The listing below is to be transcribed exactly.

* _DATASET EXCERPT_:
········

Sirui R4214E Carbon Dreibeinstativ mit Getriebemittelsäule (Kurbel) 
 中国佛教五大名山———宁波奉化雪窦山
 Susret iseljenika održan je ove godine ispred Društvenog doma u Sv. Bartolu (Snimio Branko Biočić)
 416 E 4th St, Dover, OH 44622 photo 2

········

* _COMPLETED TASK_:
Sirui R4214E Carbon Dreibeinstativ mit Getriebemittelsäule (Kurbel) 
 中国佛教五大名山———宁波奉化雪窦山
 Susret iseljenika održan je ove godine ispred Društvenog doma u Sv. Bartolu (Snimio Branko Biočić)
 416 E 4th St, Dover, OH 44622 photo 2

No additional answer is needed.